Learning by Asking Questions
Ishan Misra
and
Ross Girshick
and
Rob Fergus
and
Martial Hebert
and
Abhinav Gupta
and
Laurens van der Maaten
arXiv e-Print archive - 2017 via Local arXiv
Keywords:
cs.CV, cs.CL, cs.LG
First published: 2017/12/04 (6 years ago) Abstract: We introduce an interactive learning framework for the development and
testing of intelligent visual systems, called learning-by-asking (LBA). We
explore LBA in context of the Visual Question Answering (VQA) task. LBA differs
from standard VQA training in that most questions are not observed during
training time, and the learner must ask questions it wants answers to. Thus,
LBA more closely mimics natural learning and has the potential to be more
data-efficient than the traditional VQA setting. We present a model that
performs LBA on the CLEVR dataset, and show that it automatically discovers an
easy-to-hard curriculum when learning interactively from an oracle. Our LBA
generated data consistently matches or outperforms the CLEVR train data and is
more sample efficient. We also show that our model asks questions that
generalize to state-of-the-art VQA models and to novel test time distributions.
This paper is about interactive Visual Question Answering (VQA) setting in which agents must ask questions about images to learn. This closely mimics how people learn from each other using natural language and has a strong potential to learn much faster with fewer data. It is referred as learning by asking (LBA) through the paper. The approach is composed of three models:
http://imisra.github.io/projects/lba/approach_HQ.jpeg
1. **Question proposal module** is responsible for generating _important_ questions about the image. It is a combination of 2 models:
- **Question generator** model produces a question. It is LSTM that takes image features and question type (random choice from available options) as input and outputs a question.

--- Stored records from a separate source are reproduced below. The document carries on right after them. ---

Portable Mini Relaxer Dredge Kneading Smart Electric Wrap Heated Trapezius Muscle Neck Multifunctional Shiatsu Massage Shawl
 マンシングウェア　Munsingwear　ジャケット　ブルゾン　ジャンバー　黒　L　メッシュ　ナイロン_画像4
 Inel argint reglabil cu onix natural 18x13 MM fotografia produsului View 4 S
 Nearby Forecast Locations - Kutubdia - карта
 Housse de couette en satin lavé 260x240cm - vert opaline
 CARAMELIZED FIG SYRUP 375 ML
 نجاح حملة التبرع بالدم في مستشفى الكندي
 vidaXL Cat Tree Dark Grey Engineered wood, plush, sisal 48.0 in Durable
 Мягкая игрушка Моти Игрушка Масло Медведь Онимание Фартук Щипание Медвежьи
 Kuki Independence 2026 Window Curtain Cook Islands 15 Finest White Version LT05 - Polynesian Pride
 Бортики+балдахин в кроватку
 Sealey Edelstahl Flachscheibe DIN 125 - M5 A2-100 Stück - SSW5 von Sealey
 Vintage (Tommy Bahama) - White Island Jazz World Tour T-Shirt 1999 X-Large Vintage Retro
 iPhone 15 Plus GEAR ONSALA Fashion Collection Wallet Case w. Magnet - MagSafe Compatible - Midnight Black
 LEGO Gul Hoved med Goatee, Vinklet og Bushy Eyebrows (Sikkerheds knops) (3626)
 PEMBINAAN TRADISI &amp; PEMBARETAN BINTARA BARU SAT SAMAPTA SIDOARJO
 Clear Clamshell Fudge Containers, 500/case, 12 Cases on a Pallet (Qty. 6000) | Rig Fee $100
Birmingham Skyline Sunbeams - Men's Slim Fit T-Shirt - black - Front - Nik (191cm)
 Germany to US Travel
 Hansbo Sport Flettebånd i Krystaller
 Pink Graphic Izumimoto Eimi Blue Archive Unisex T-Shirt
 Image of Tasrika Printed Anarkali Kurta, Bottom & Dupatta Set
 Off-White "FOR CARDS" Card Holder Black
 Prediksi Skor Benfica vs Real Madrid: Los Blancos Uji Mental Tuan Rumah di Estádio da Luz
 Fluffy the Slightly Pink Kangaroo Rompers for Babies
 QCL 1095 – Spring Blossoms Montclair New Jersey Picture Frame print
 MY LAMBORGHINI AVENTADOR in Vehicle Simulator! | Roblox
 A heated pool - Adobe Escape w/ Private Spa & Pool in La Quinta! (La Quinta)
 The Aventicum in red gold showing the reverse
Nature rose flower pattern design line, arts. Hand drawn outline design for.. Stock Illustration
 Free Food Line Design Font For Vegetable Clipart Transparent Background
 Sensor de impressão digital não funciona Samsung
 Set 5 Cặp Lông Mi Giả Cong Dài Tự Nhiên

- **Question relevance** model that selects questions relevant to the image. It is a stacked attention architecture network (shown below) that takes in generated question and image features and filters out irrelevant to the image questions. https://i.imgur.com/awPcvYz.png
2. **VQA module** learns to predict answer given the image features and question. It is implemented as stacked attention architecture shown above.
3. **Question selection module** selects the most informative question to ask. It takes current state of VQA module and its output to calculate expected accuracy improvement (details are in the paper) to measure how fast the VQA module has a potential to improve for each answer. The single question selection (i.e. best question for VQA to improve the fastest) strategy is based on epsilon-greedy policy.
This method (i.e. LBA) is shown to be about 50% more data efficient than naive VQA method. As an interesting future direction of this work, the authors propose to use real-world images and include a human in the training as an answer provider.